Make sure that you explain the benefit and importance of building a powerful brand. Some clients still believe social media is just a fad, and many business owners will scoff at the mention of branding. They need to be educated on its benefits. If they are not aware, let them know social media is not an option for them but an absolute necessity if they want to remain competitive in business.
Educate the client about social media and the potential impact of having a strong online presence on the business. At this point you will have done all of your research, and you know everything there is to know about the client’s online reputation and their social media presence.

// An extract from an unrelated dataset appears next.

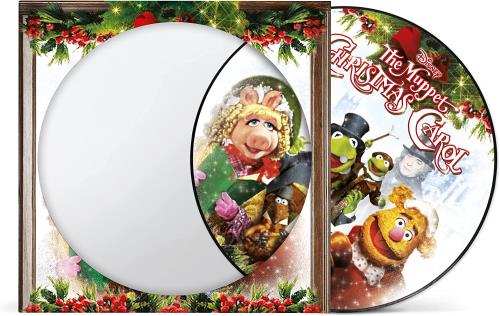 The Muppets The Muppet Christmas Carol - Sealed picture disc LP (vinyl picture disc album) UK MUPPDTH799748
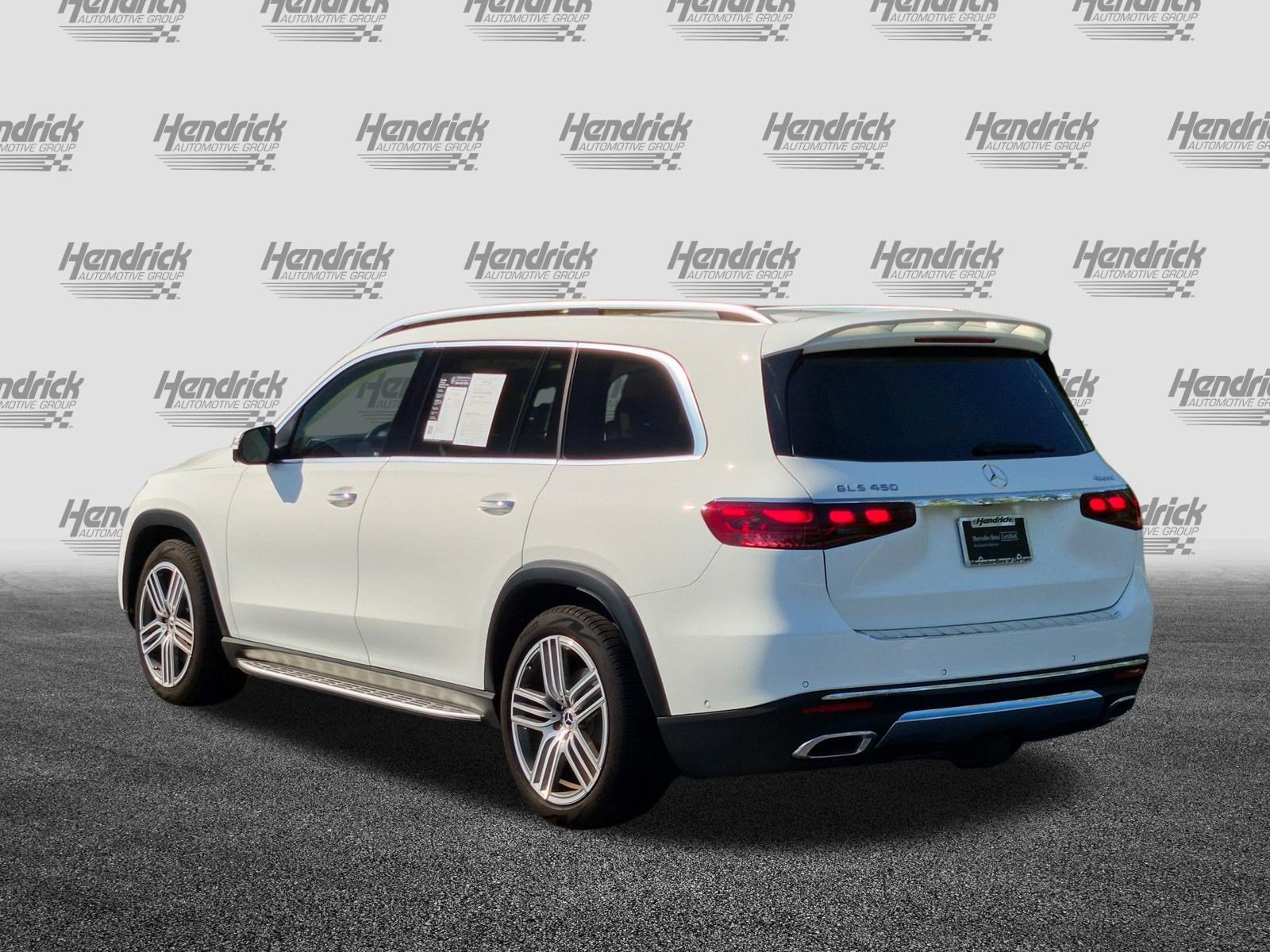 Certified 2025 Mercedes-Benz GLS 450 4MATIC image 8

Emphasize the importance of branding and reputation management to Google rankings, and how Search differs from how it was just a few years ago. Feel free to promise specific tactics, but don’t over reach. Again, under-promise and over-deliver.
Let the clients know exactly how you will approach the project. Leave nothing out. Make them aware of the meticulous attention to detail you will be paying to the project. Before wrapping up with potential clients, let them know what your next steps will be if they choose to hire you. Don’t ask them if they will hire you, but instead move forward like they already have. Tell them that you will send them the paperwork and what your initial first steps will be. Don’t be overbearing but make it easier for them to go along with your plan than to reject your services.
Clients often come in different varieties: There are those clients who are already knowledgeable about SEO and social media, and will want to know everything you’re going to do for them in meticulous detail. These clients are very detail-oriented, and the key to effective communication and building rapport with them is to make sure you keep them informed about nearly every aspect of your work.
For these type of clients, you can use technical terms and industry jargon when communicating with them. You also need to show them that you are up-to-date with what is happening in the SEO world, and what Google and Bing are up to. Some of these types of clients have been burned by unethical SEOs in the past, and you’ll need to handle them with kid gloves and communicate with them regularly.
The other types of clients will be content with simply knowing the basics of what you‘re doing and why, and they’re more focused on projecting and documenting outcomes. These are clients who are content, and even prefer a summary of what you’re doing, and are more interested in results.
Regardless of your client type, sharpen your presentation skills to best help them understand the social SEO concepts you need to convey to them.